Line: 1, Column: 7, ERROR: Column names aren't unique.

$ d18n --lint --file test/TestJSONLint.wrong.json
Line: 1, Column: 4, ERROR: Column names aren't unique.
Line: 1, Column: 1, ERROR: First line in file can't be used as column names.

You can also use the --verbose flag to see more information

$ d18n --lint --file test/TestCSVLint.wrong.csv --verbose

$ d18n --lint --file test/TestCSVLint.wrong.csv --verbose
Line: 1, Column: 14, ERROR: First line in file can't be used as column names.

File Size: 469
Row Count(Include Header): 3 Cell Count: 15 Error Count: 1 Time Cost: 172µs

$ d18n --lint --file test/TestXLSXLint.wrong.xlsx --verbose
Line: 1, Column: 7, ERROR: Column names aren't unique.
Line: 1, Column: 1, ERROR: First line in file can't be used as column names.

File Size: 5888
Row Count(Include Header): 2 Cell Count: 11 Error Count: 2 Time Cost: 3.134ms

$ d18n --lint --file test/TestJSONLint.wrong.json --verbose
Line: 1, Column: 2, ERROR: First line in file can't be used as column names.
Line: 1, Column: 4, ERROR: Column names aren't unique.

File Size: 159
Row Count(Include Header): 2 Cell Count: 8 Error Count: 2 Time Cost: 461µs

You can easily use d18n to lint your files. It supports csv, tsk, psi, txt, json, sql, html and xlsx file formats. It distinguishes them by file suffixes. It supports the following file types.
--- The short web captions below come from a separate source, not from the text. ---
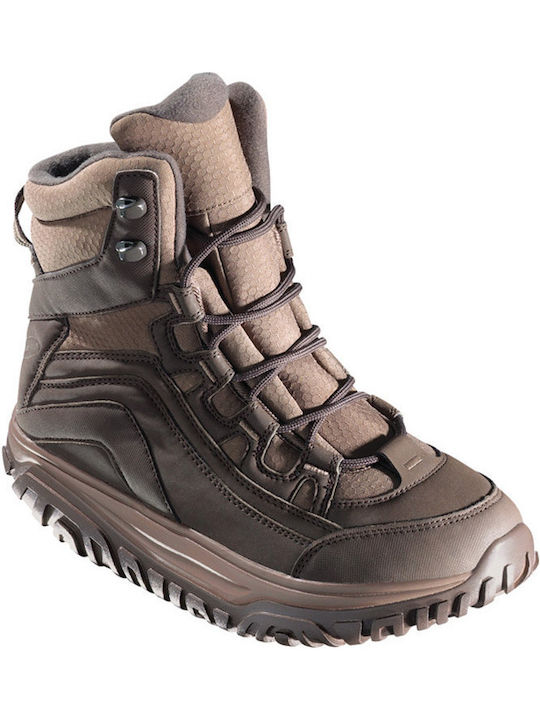 Walkmaxx Sneakers Brown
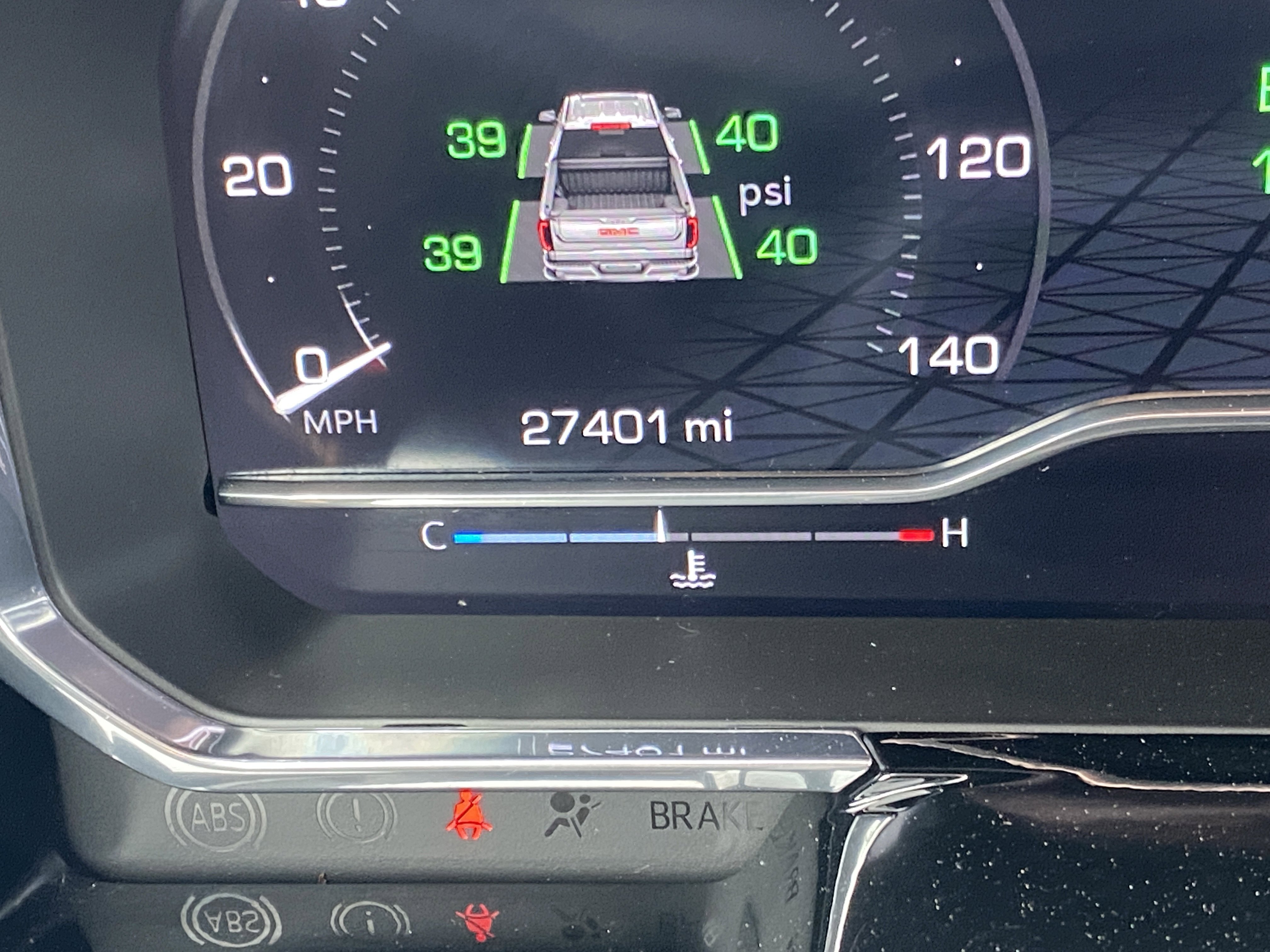 Used 2024 GMC Sierra 1500 SLT image 29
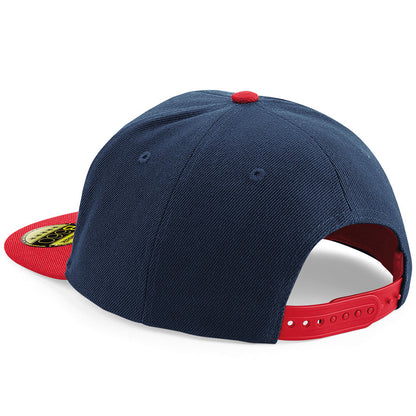 Baby Girl Embroidered Cap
  • xlsx: Microsoft Office Excel. Example
  • csv: Comma Separated Values. Example
  • sql: SQL (Structured Query Language) file. Example
  • txt: plain text, separated by space. Example
  • tsv: Tab Separated Values. Example
  • psv: Pipe Separated Values. Example
  • json: JSON (JavaScript Object Notation) file. Example
  • html: HTML (HyperText Markup Language) file. Example

We are also trying to make it support more formats

More flag

--max-buffer-size: If your row data is too large, it may cause bufio overflow. Please consider adding --max-buffer-size,defalut: 65535

--no-header: You can use it to skip the header check

--comments: You can use it to customize your comments symbols

--server: Different databases have different restrictions on field length. You can use this parameter to specify your database,support: mysql, postgres, sqlite, oracle, sqlserver".Default mysql.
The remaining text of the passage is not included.